The sample of the study consisted of 58 right-handed male volunteers, with ages ranging from 18 to 26 years old: 18 professional volleyball players with atrophy (PAG) of the infraspinatus muscle on the dominant side (Figure 1), 20 volleyball players without the atrophy (PG) of infraspinatus, and 20 healthy nonathlete controls (CG) (Table 1). All athletes have an international high level of competition, with a mean of 12 years of experiences playing volleyball. They were in perfect clinical condition to engage in physical activities. Control subjects had no previous history of shoulder pathologies on the dominant side and did not participate in any systematic long-term activities to improve upper limb abilities. All participants were healthy, free of cognitive deficits and were not using any medication or psychoactive substance at the time of the test. The diagnostic of the infraspinatus atrophy was confirmed by an orthopedic surgeon after clinical exam. The definition of infraspinatus atrophy was loss of muscle belly in the infraspinatus scapular fossa in a posterior shoulder view. The atrophy was considered present or absent, without quantifying the level of infraspinatus atrophy, once this is a controversial topic, because it could be influenced by factors as genetic, exercises and nutrition. The Edinburgh Handedness Inventory was used to assess laterality and exclude left-handed individuals from the experiment. Prior to their inclusion in the study, participants signed a consent form, where the experimental conditions were thoroughly described. The ethics committee of the Psychiatric Institute of the Federal University of Rio de Janeiro approved the experiment.

tab1
Table 1: Demographic table comparing the three groups.
634891.fig.001
Figure 1: Professional volleyball player with atrophy of the infraspinatus muscle on the dominant side.

2.2. Apparatus

A motor-driven, proprioception testing device (PTD), which was developed at the Neuromuscular Research Laboratory of the National Institute of Traumatology and Orthopaedics (INTO) [26], was used to assess the TTDPM (Figure 2). The PTD comprised (1) a motor reducer driver that included an electric motor (12 V, 12 Watts, 7 A, 14 Nm torque) and a reducer; (2) synchronized pulleys and a belt that moved a lever arm; (3) a u-shaped lever arm for limb placement; (4) air splints around the lever arm and the participant’s arm to provide uniform compression within the device, stabilize the upper extremity, and reduce cues from cutaneous mechanoreceptors [27]; (5) a button switch for the participant to indicate a response. The device was designed to passively move the arm in internal and external rotations of the shoulder joint. A potentiometer connected to the shaft of the lever arm and interfaced with a PC converted angular movement into electric signals that were stored in the computer.

634891.fig.002
Figure 2: The apparatus and participant position for the experiment procedure.

Electroencephalographic (EEG) activity was acquired during the task with a 20-channel Braintech-3000 (EMSA-Medical Instruments, Rio de Janeiro, Brazil).
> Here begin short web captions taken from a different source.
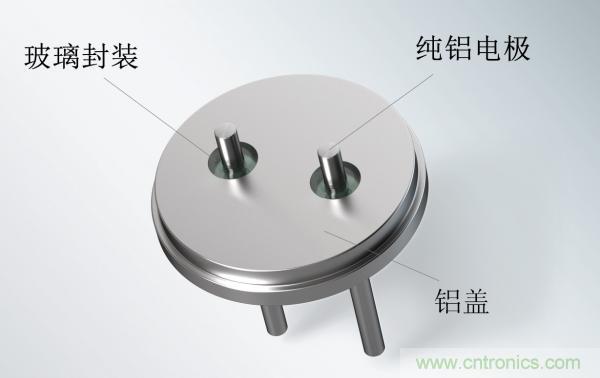 世界首創(chuàng)玻璃鋁密封端子，可大幅提升電容性能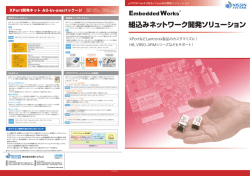 組込みネットワーク開発ソリューション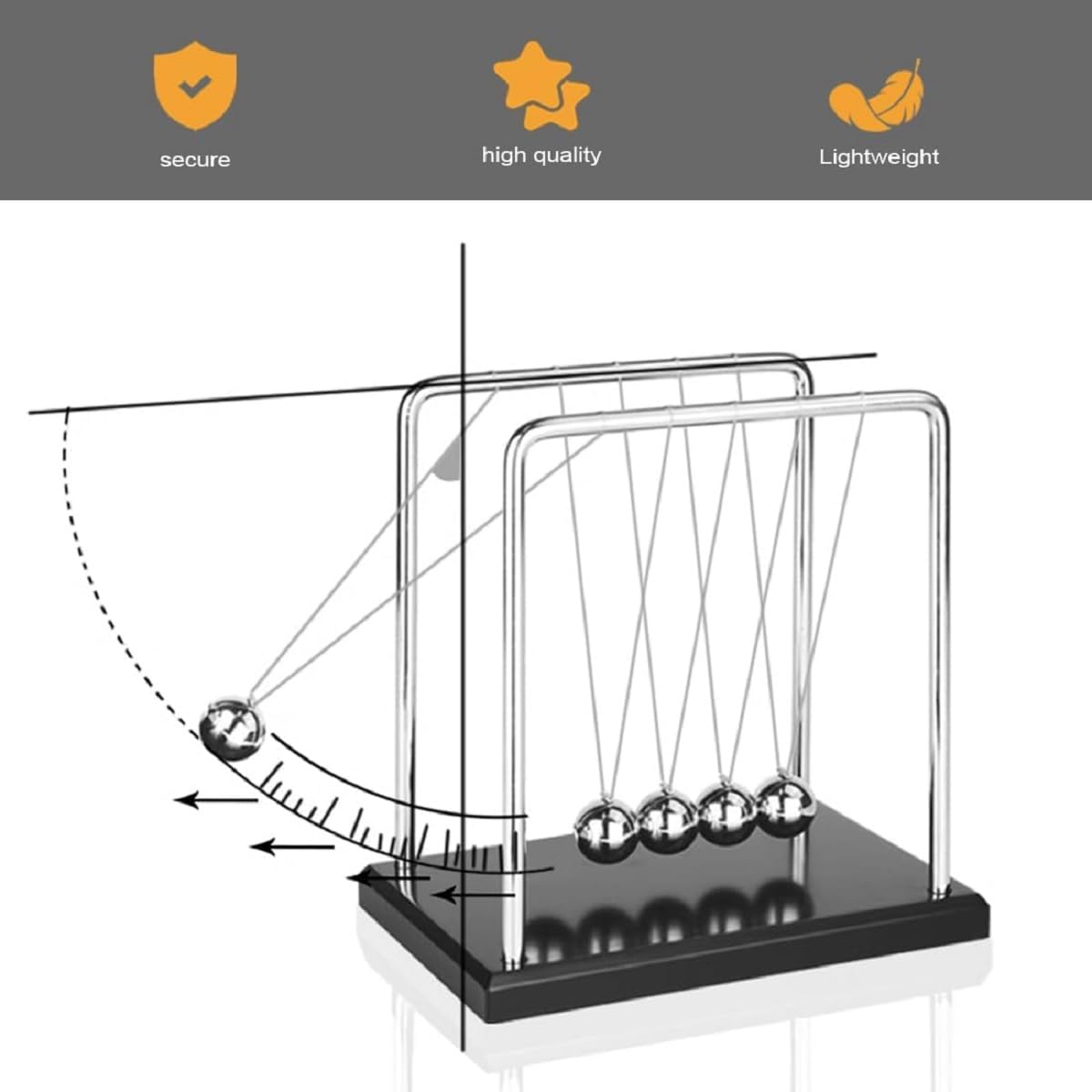 Newton's Cradle Pendolo Con 5 Sfere In Acciaio – Gioco Da Scrivania Educativo E Antistress, Per Ufficio E Casa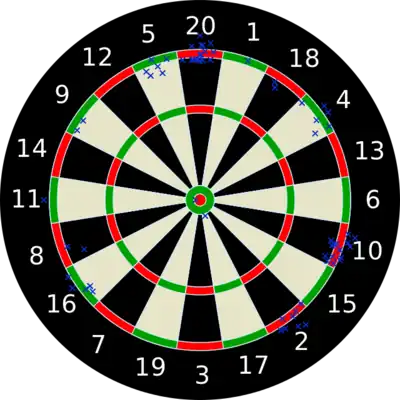 Checkout-Darts von Gary Anderson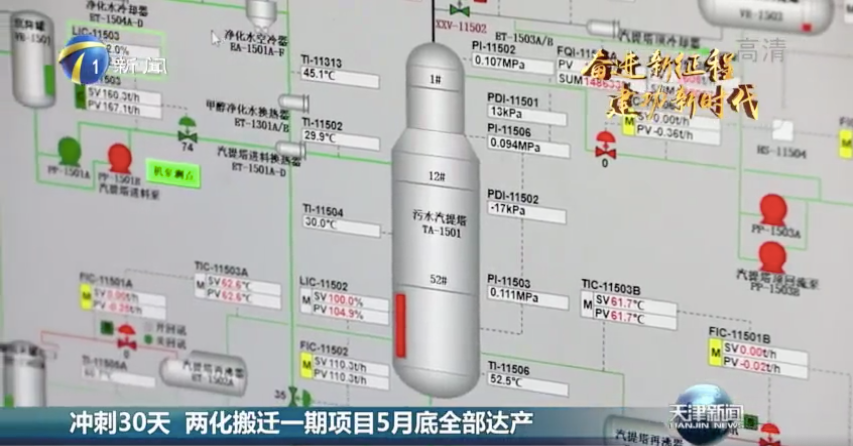 天津渤化两化搬迁改造项目,一期项目全部达产! 天津渤化两化搬迁改造项目,一期项目全部达产!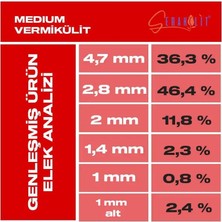 TeknoKapsül - Medium 1 Litre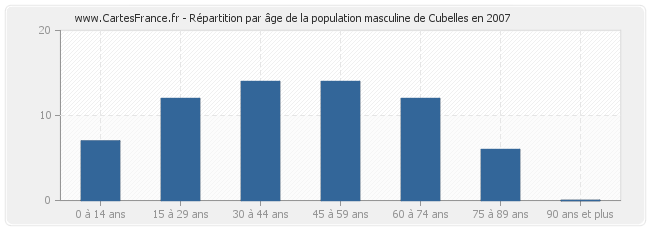 Répartition par âge de la population masculine de Cubelles en 2007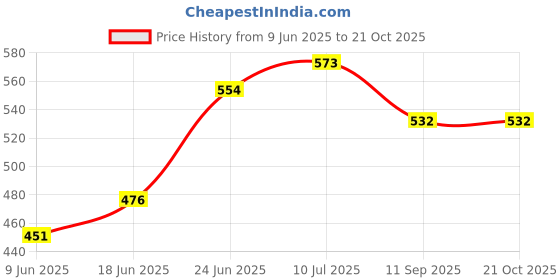 flipkart.com axg new goal Heavy Duty Stainless Steel (4 feet) with Snap Hooks Punching Bag Chain axg new goal Price History Graph from 9 Jun 2025 to 21 Oct 2025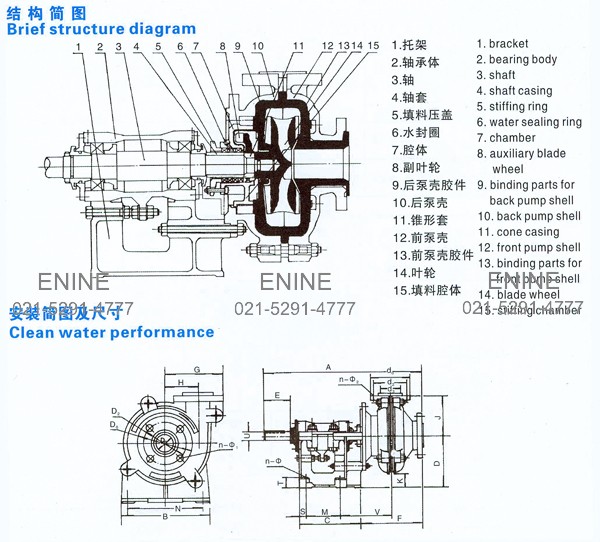 Brief tructure diagram And Clean water performance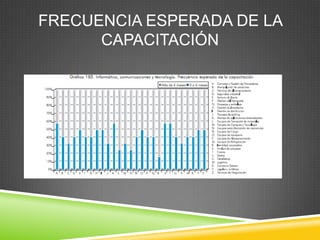 FRECUENCIA ESPERADA DE LA
      CAPACITACIÓN
 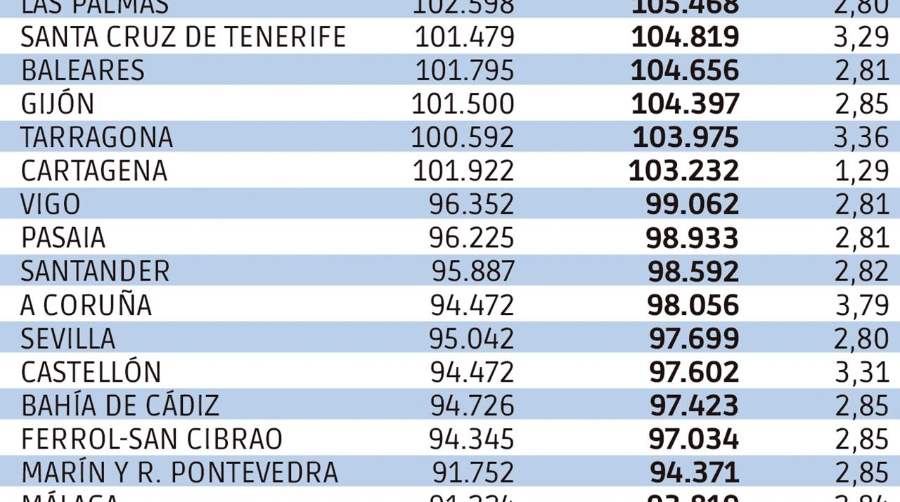 Retribuciones económicas:crecen un 2,95% en 2023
The International 10/20 System [28] for electrode placement (referenced to linked earlobes) was used and the 20 monopolar electrodes were arranged in a nylon cap. Electromyographic (EMG) activity of the deltoids and pectoralis major muscles [15, 29] was recorded concurrently with the EEG by an EMG1000 device (Lynx, São Paulo, Brazil).

2.3. Task and Procedure

A light- and sound-attenuated room was prepared for data acquisition. Participants were comfortably seated on a reclining chair attached to the PTD, with the dominant shoulder abducted at 90 degrees and rotated forward by 30 degrees so that the arm was in the same plane as the scapula. The elbow was flexed at 90 degrees [30, 31]. Participants were instructed to relax and to avoid imagining movement of the shoulder during the task. The task involved internal rotations of the shoulder around its longitudinal axis, from the initial position established at 80 degrees of external rotation. This position was chosen to avoid extreme positioning of the joint. Auditory and visual cues were attenuated using ear-plugs and a blindfold. Each trial started with 15s of EEG and EMG recording without motor movement. After these baseline measurements, the motor shaft was engaged to rotate the shoulder at the constant rate of 0.4 degrees/s in the direction of the internal rotation. Participants were instructed to respond by pressing the hand-held switch when movement of the shoulder was detected. Participants performed five blocks of four trials each. TTDPM was measured by recording the response latency, that is, the time to detect the passive movement and press the button switch after stimulation onset.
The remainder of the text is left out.